Follow up for "Find Minimum in Rotated Sorted Array":
What if duplicates are allowed?Would this affect the run-time complexity? How and why?
Suppose a sorted array is rotated at some pivot unknown to you beforehand.
(i.e., 0 1 2 4 5 6 7 might become 4 5 6 7 0 1 2).
Find the minimum element.
The array may contain duplicates.
解法1:本题旋转数组最小值的扩展,这次数组中可以存在重复元素了。
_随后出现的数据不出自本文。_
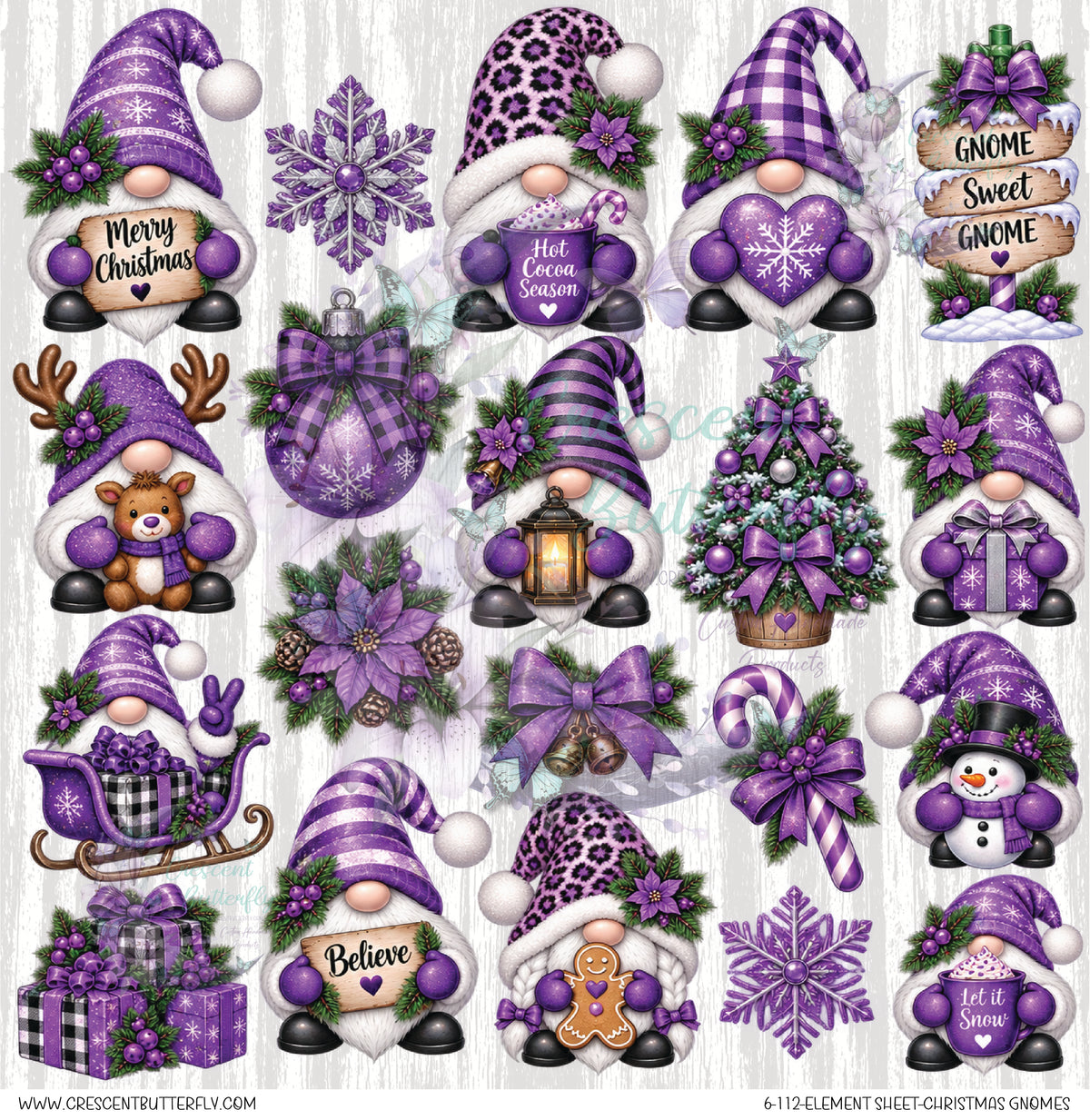 6-112-Element Sheet-Christmas Gnomes UV DTF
上题因数组中无重复元素,因此通过判断nums[left]和nums[mid]的大小可以确定[left,mid]之间是否是严格递增的,而当存在重复元素时就不能这样简单的确定了。比如数组{0,1,1,1,1}的两种旋转{1,0,1,1,1}和{1,1,1,0,1},第一次迭代时nums[left]=nums[mid]=nums[right],这样不能确定不能确定[left,mid)或者(mid,right]是不是升序,也不知道最小元素0是在[left,mid]还是[mid,right]之中。因此当left、mid、right三者所指数组元素相同时调用顺序查找算法。
class Solution {
public:
int findMin(vector<int>& nums) {
int n = nums.size(), left = 0, right = n - 1, mid = 0;
if (n <= 1) return n == 1 ? nums[0] : 0;
while (nums[left] >= nums[right]) {
mid = (left + right) >> 1;
if (nums[left] == nums[mid] && nums[mid] == nums[right])
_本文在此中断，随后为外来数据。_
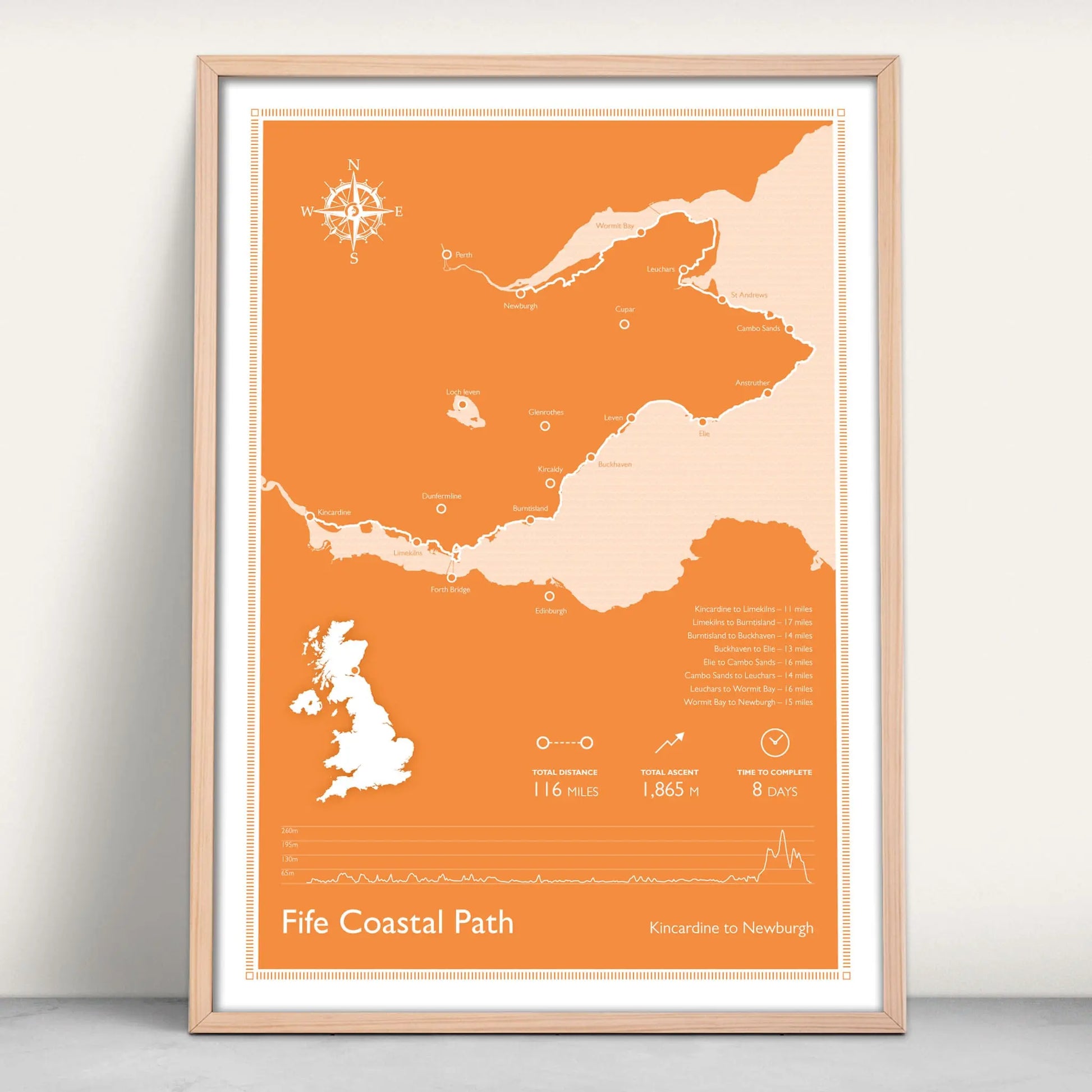 Fife Coastal Path Scotlands Great Trail Personalised Map Art Print in orange from Purest Green Prints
return *min_element(nums.begin() + left, nums.begin() + right + 1);
else if (nums[mid] <= nums[right]) right = mid;
else left = mid + 1;
}
return nums[left];
}
};
解法2:当left、mid、right三者所指数组元素相同时,可以将left右移一位,跳过这个相同元素,这样并不会影响结果,因为这个元素还有另外的副本存在与剩下的数组中。注意输入数组有两种情况:要么nums[left]<nums[right],此时数组未被旋转,可以直接返回;要么nums[left]>=nums[right],这时数组被旋转过。
class Solution {
public:
int findMin(vector<int>& nums) {
int n = nums.size(), left = 0, right = n - 1, mid = 0;
if (n == 0) return 0;
while (left < right) {
if(nums[left] < nums[right]) return nums[left];
mid = (left + right) >> 1;
if (nums[left] < nums[mid])
left = mid + 1;
else if (nums[left] > nums[mid])
right = mid;
else ++left;
}
return nums[right];
}
};